It was once less cherry. It was not always bloodied and bright. It used to be lighter. It used to be feminine and fair. The curls were once more potent. It did not always have its own calling card. There was a time I introduced other rainbows into it such as blues and purples. There was a pink period. Brief stage of orange. Do not forget the burgundy. It has never been all black. There was that time I shaved it all away.

Can I touch it?

A lover rubbed my pieces together between her wide, musical palms and traveled twists into my hair. She summoned the bees and borrowed teaspoons of wax to keep it all together. These dreadlocks still remain and some have birthed new ones. I visit them on evenings when my fingers are bored and looking to explore old textures. They feel like rope or scratches. They remind me of maps, encompassing moments and detours.

Is that your real hair color?

I once fell in love with a human because of their hair. It was the puff of brown smoke emitting off large scalp that first wooed me. Then words and the music which followed. My hands would get lost in the thick, brown aroma of meals migrating. Another human lured me in with spiked mohawk. Died black then red and climbing in varied heights and shapes. There is something so romantic about texture. The culture or religion of hair. Prayers caught up in each flake of dandruff or underscore. One lover had a patch of grey competing with earthy brown. Another preferred to bleach.

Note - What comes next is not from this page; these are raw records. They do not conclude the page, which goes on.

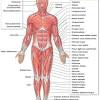 They range from about 30 to 200 μm (thousands of times shorter than skeletal muscle fibers), and they produce their own connective tissue, endomysium.although they do not have striations and sarcomeres, smooth muscle fibers do have actin and myosin. 1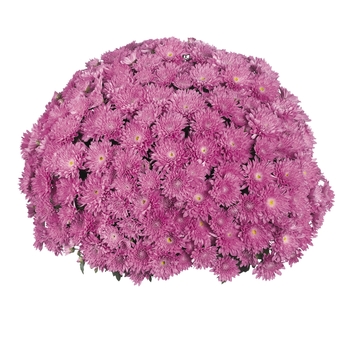 Chrysanthemum x morifolium 'Meridian Dark Pink' (114962)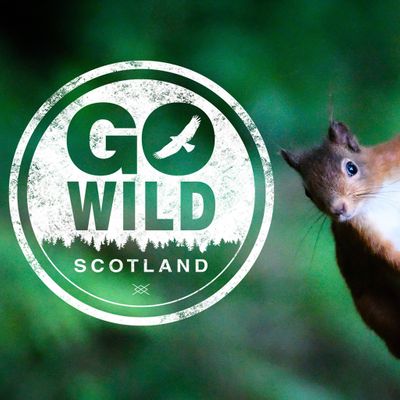 Go Wild Scotland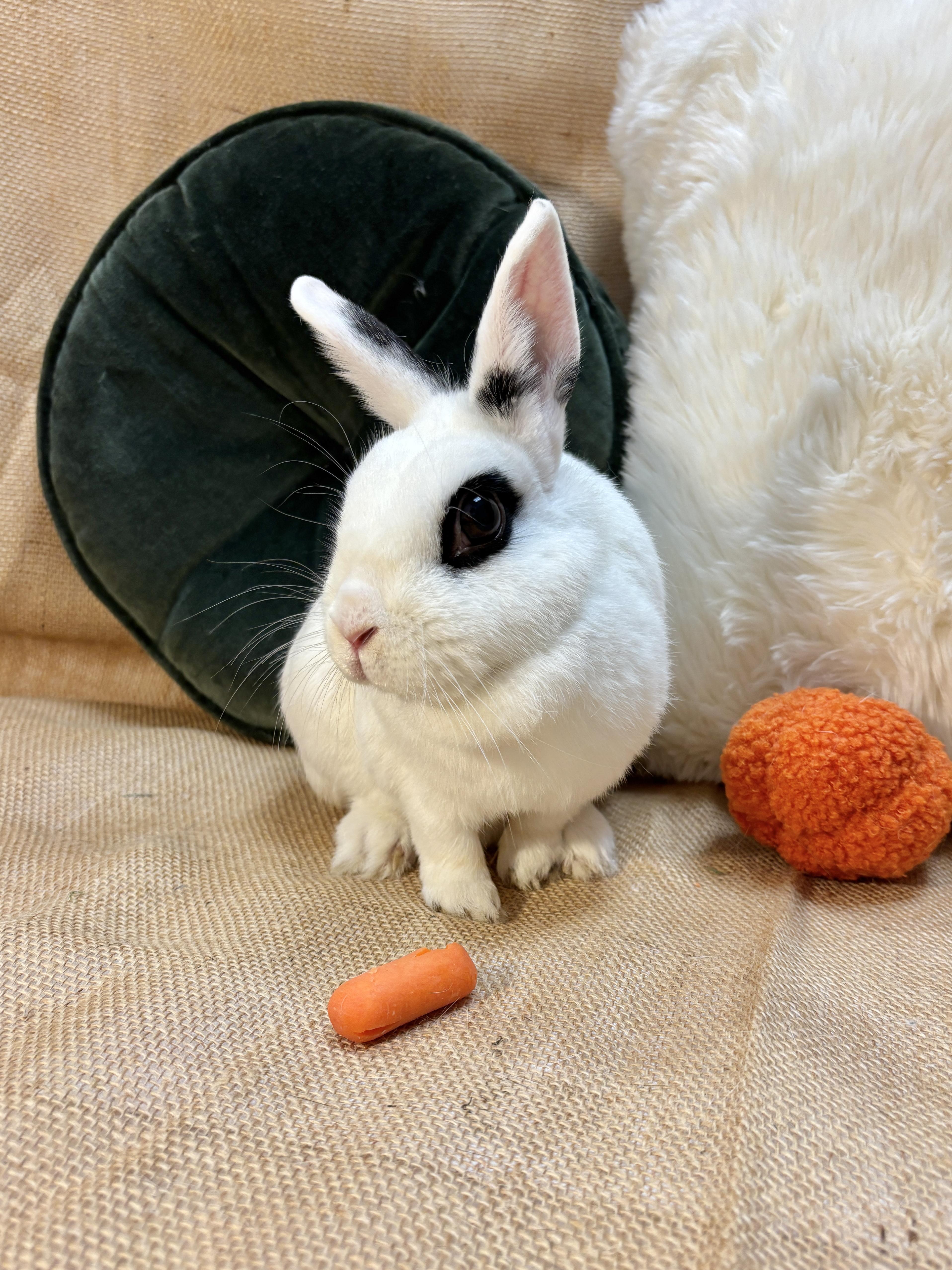 Enlarge Adelita, a Adoptable Dwarf Eared in Livermore, CA image 2/5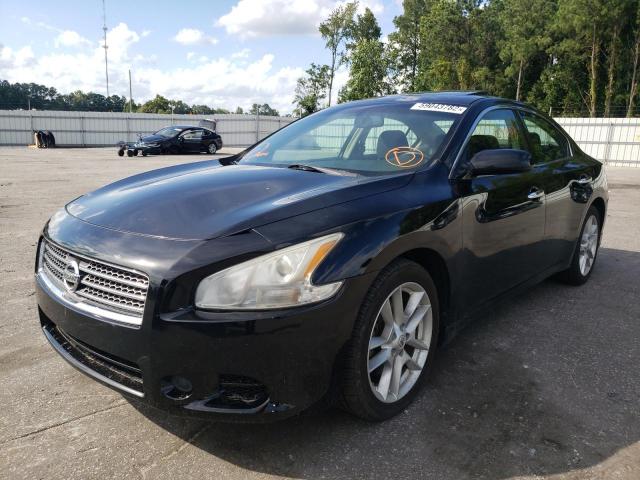 Photo 1 VIN: 1N4AA5AP5AC838721 - NISSAN MAXIMA S 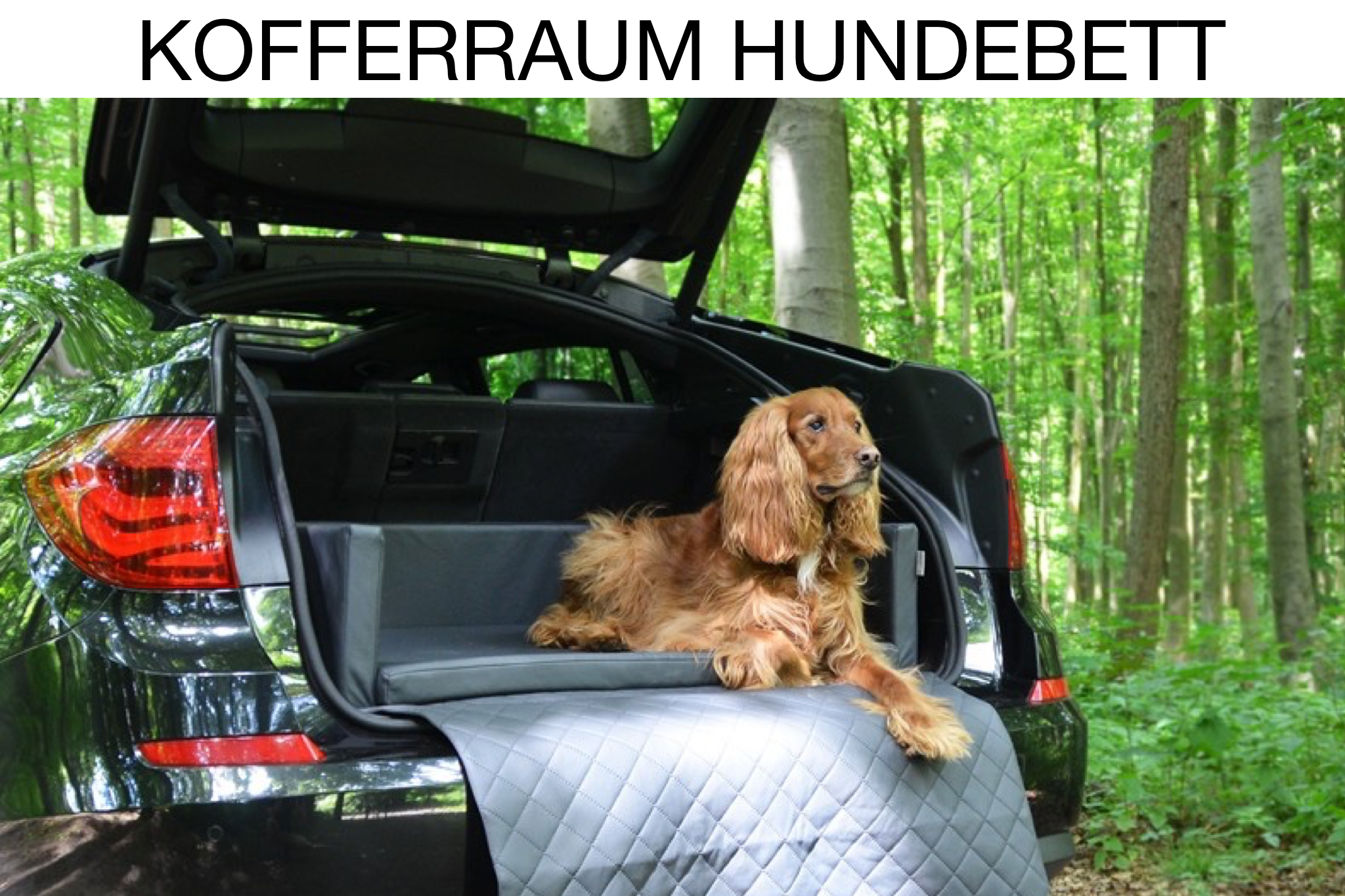 Hunde Autobett Travelmat Basic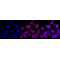 LifeSab™ MAP3K5 Rabbit mAb (20 μl)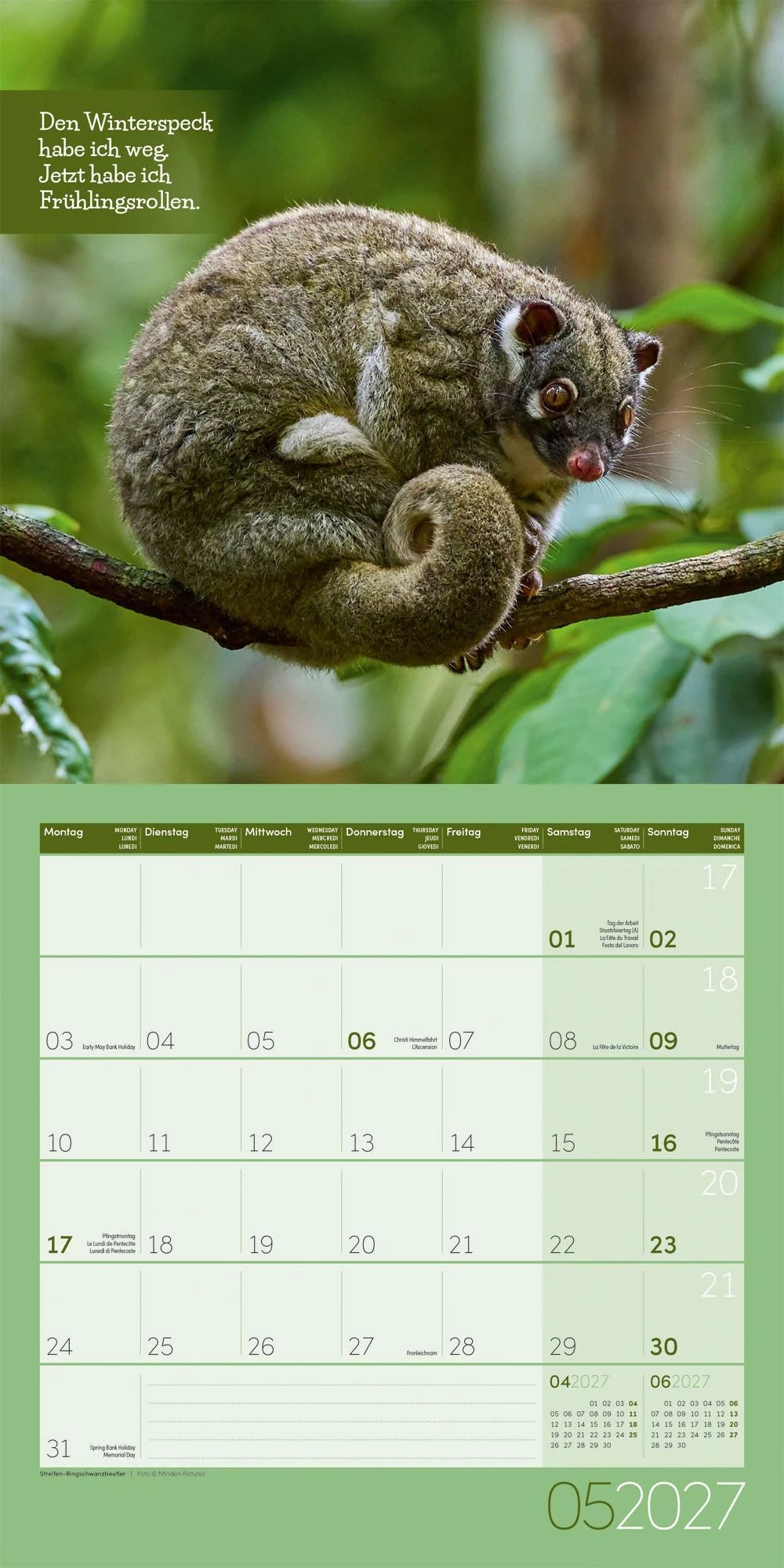 Keep Smiling Kalender 2027 - 30x30 - Art12 – Ansicht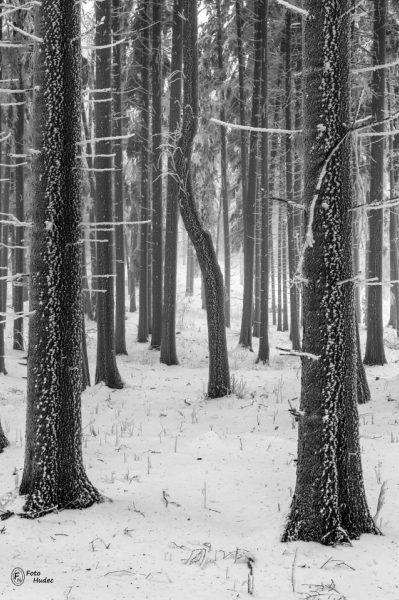 Křivý strom v mrazivém lese 1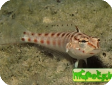 Parapercis schauinslandii 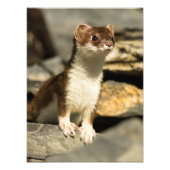 Alert Weasel Foto Afdruk (Voorkant)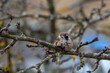 Tree Sparrow (Passer montanus) sits on the branch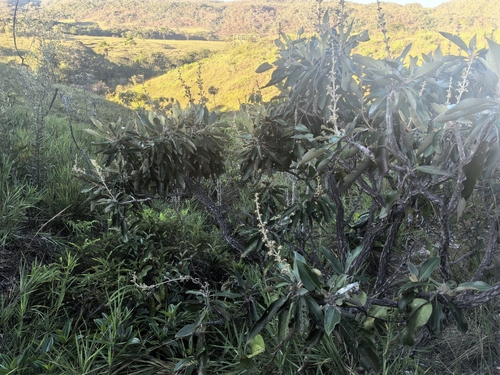 Miconia ferruginata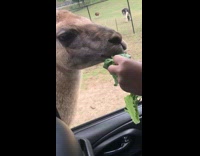 Kids feed camel take jelly worms cup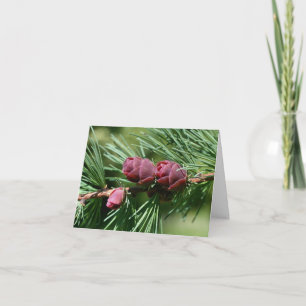 Cartão De Notas Fotografia da Natureza de Pinhas de Bebê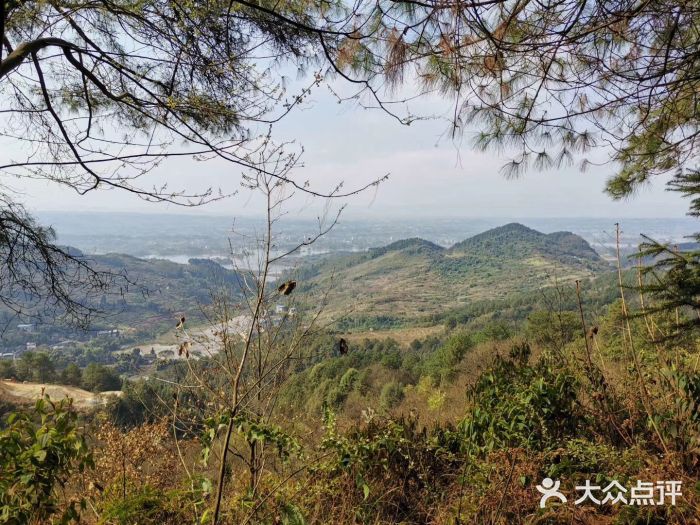 大洪河水库图片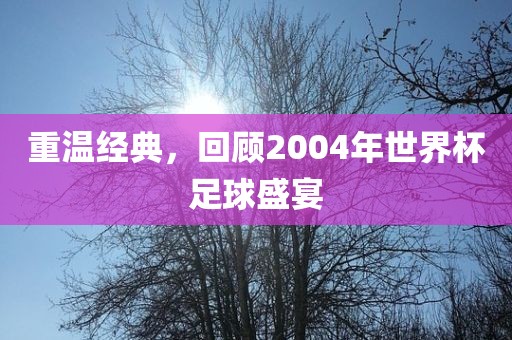重温经典，回顾2004年世界杯足球盛宴广西贺州市华昌新材料有限公司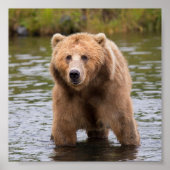 Poster Superbe ours kodiak brun (Devant)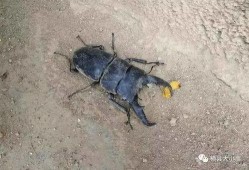 八重虫子爆料视频大全,揭秘幕后真相与精彩瞬间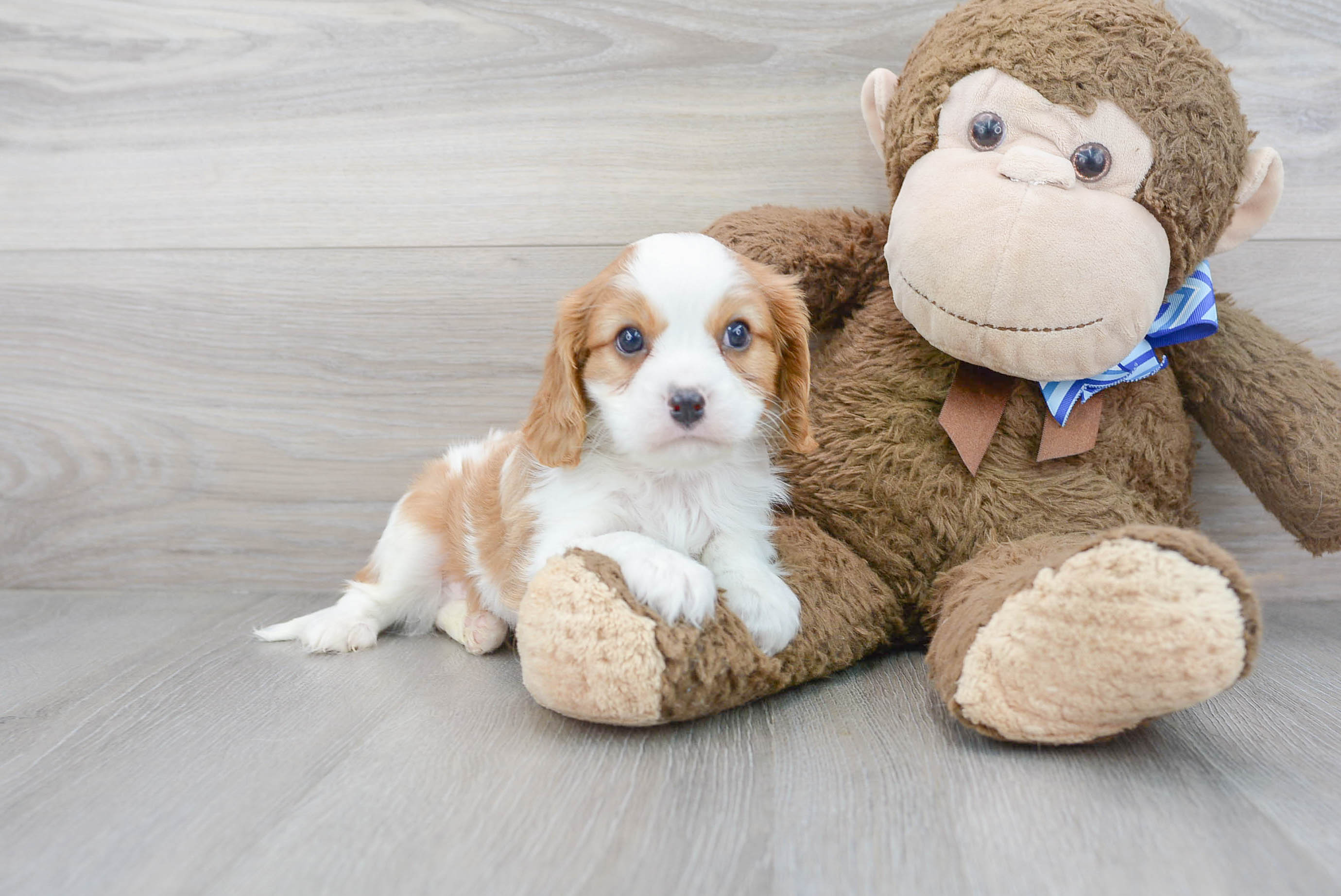 Cavalier King Charles Spaniel Puppy for Adoption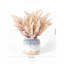 Arrangements floraux de maïs en pot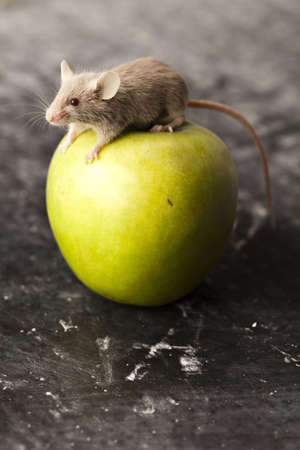 Mouse and appleの写真素材
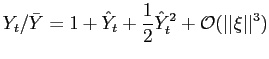 $\displaystyle Y_{t}/\bar{Y}=1+\hat{Y}_{t}+{\frac{1}{2}}\hat{Y}_{t}^{2}+{{\mathcal{O}}} (\vert\vert\xi\vert\vert^{3}) $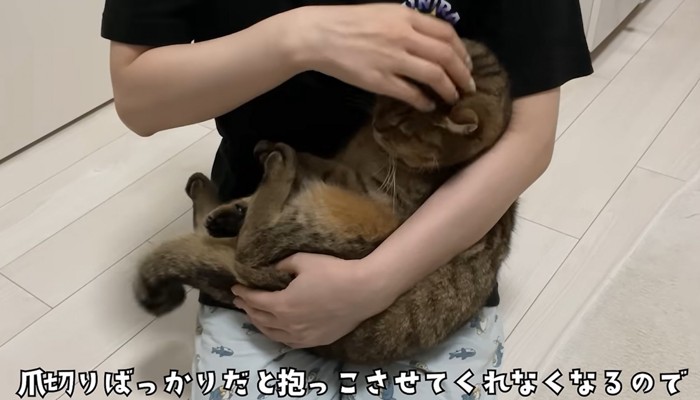 赤ちゃん抱っこをされる猫(つめきりばっかりだと抱っこさせてくれなくなるので)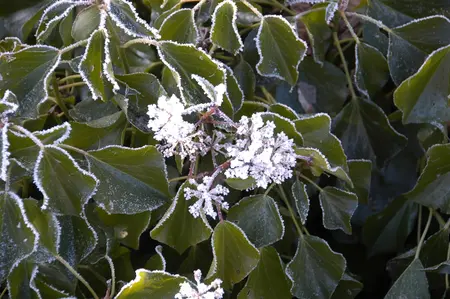 Hedera colchica 'Arborescens' (Fall Favourite) - 2 Ltr pot - image 2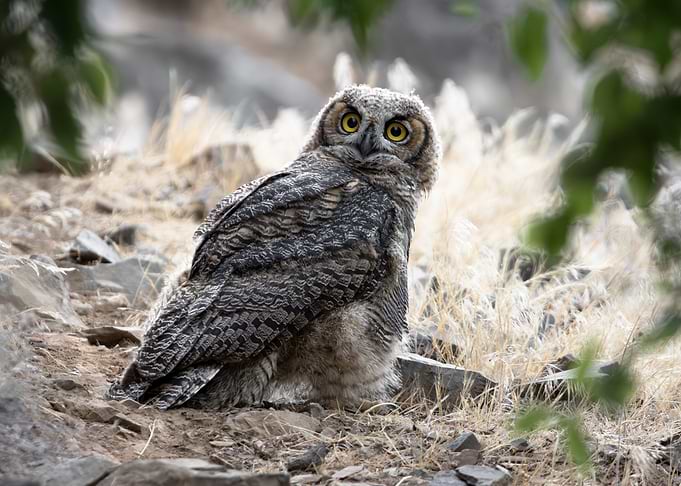 Young Great Horned Owl by the Trail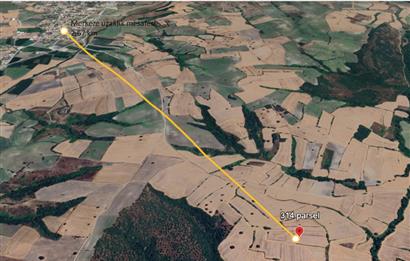 C21 BAL'DAN BALIKESİR/SUSURLUK/YAĞCIKÖY// 9100 M2 SATILIK TARLA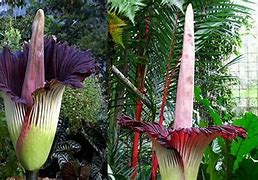 Image result for Tallest Flower in the World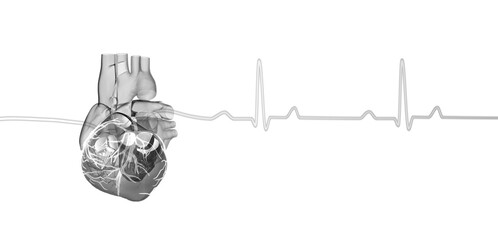Heart anatomy black and white graphic, with lines showing the pulse, heart beat wave, electrocardiogram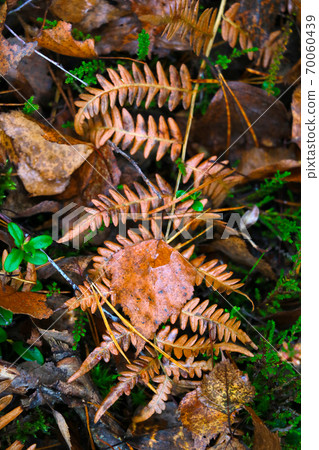 Yellow wet fern leaf in the autumn forest. 70060439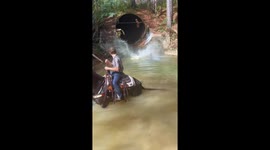 Horse Dives Into Deep Creek With Rider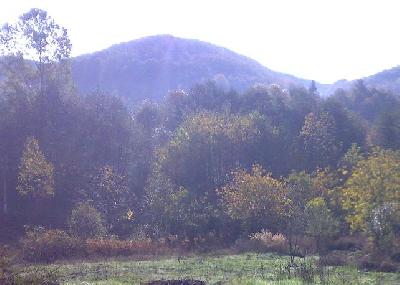 Pensiunea Casa Pedro din Danicei, Danicei, judetul Valcea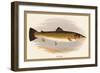 Bull Trout-A.f. Lydon-Framed Art Print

All of this is borrowed. The color (from a tube and bottle). The length (from time and persistence). The curls (from the ones that came before the ones I met). It is political and personal. My hair is mismatched and much of it derives from lack of attention and planning. Combs are a foreign object and coconut oil has become like air breathing its way into each split end.

Yes. This is my real hair color. If real means born from yesterday and the many days before it. If real means what feels best to me. If real means what makes me feel most alive. All of this is dead past the roots, so why not experiment. So why not question what it can do. So why not explore the lineage of its flexibility. Why not.